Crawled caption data
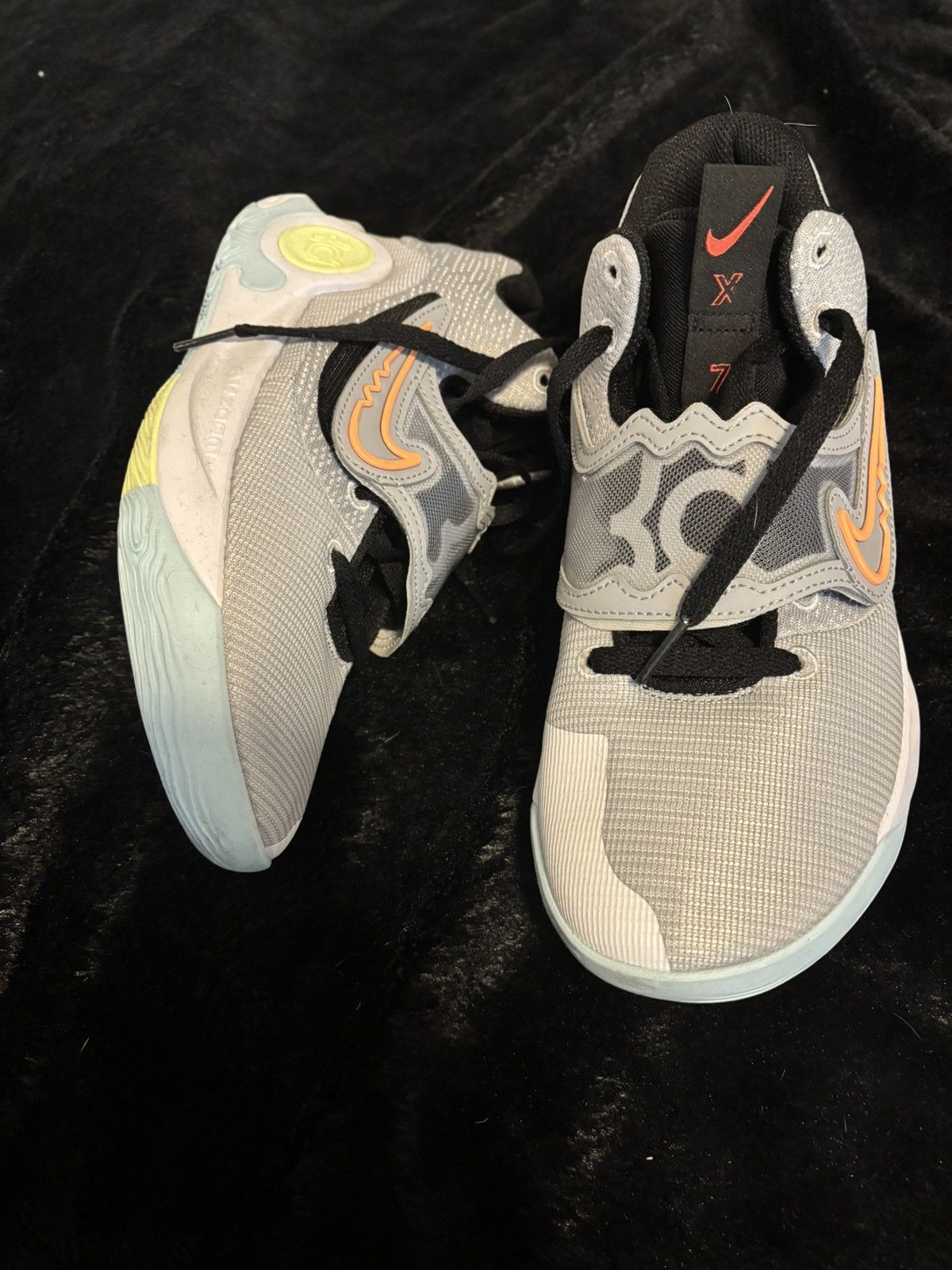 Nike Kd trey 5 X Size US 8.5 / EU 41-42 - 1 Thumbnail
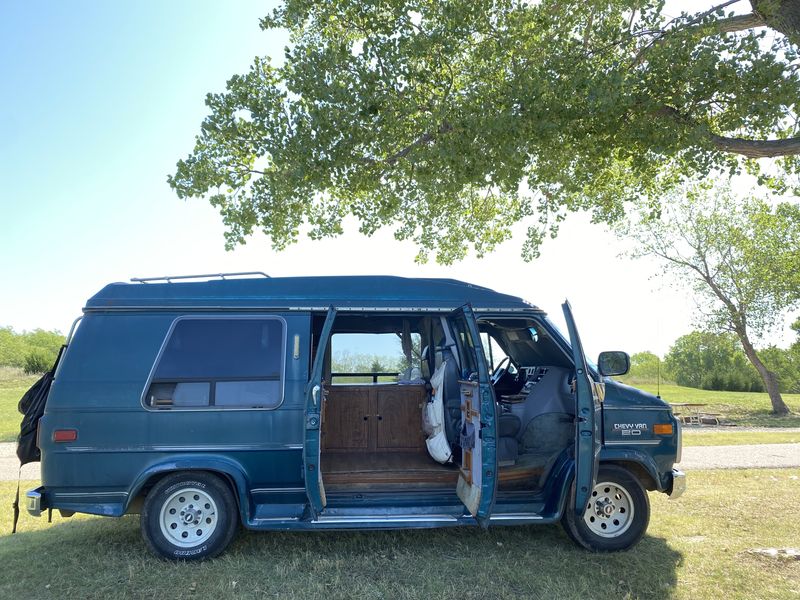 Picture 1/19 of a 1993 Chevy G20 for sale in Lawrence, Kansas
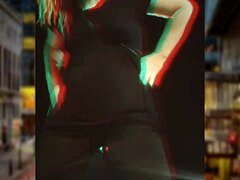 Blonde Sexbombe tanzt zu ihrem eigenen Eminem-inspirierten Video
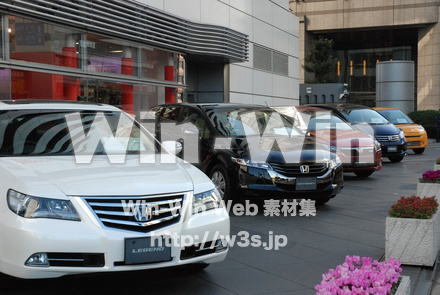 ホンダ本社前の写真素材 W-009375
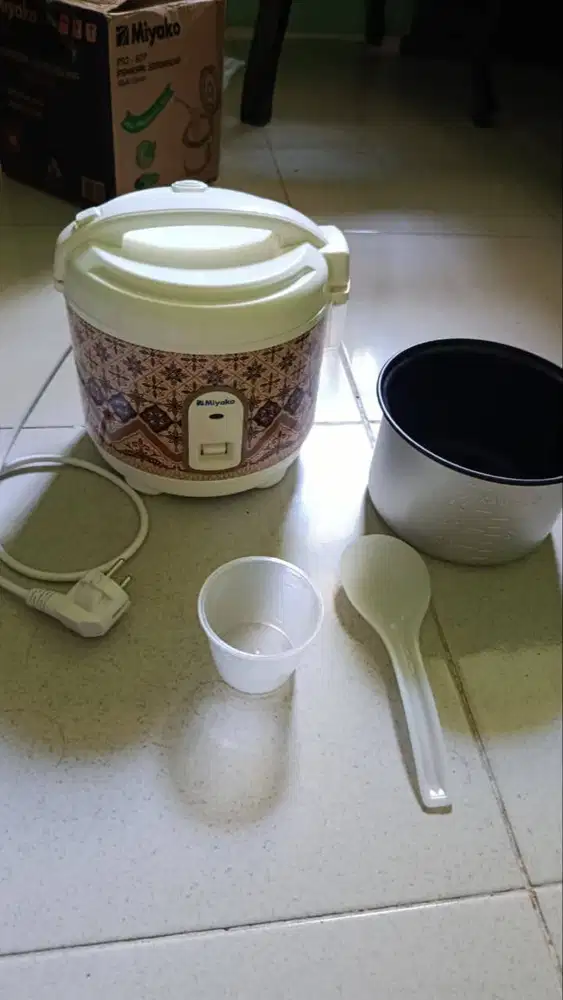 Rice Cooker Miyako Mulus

ABOUT THIS EXERCISE »
Write out, exactly and with nothing added, every line from the one that holds "Picture 1/19 of" to the end of the entries above; pictures stay out.

REPLY TO THE TASK »
 Picture 1/19 of a 1993 Chevy G20 for sale in Lawrence, Kansas
 Blonde Sexbombe tanzt zu ihrem eigenen Eminem-inspirierten Video
 ホンダ本社前の写真素材 W-009375
 Rice Cooker Miyako Mulus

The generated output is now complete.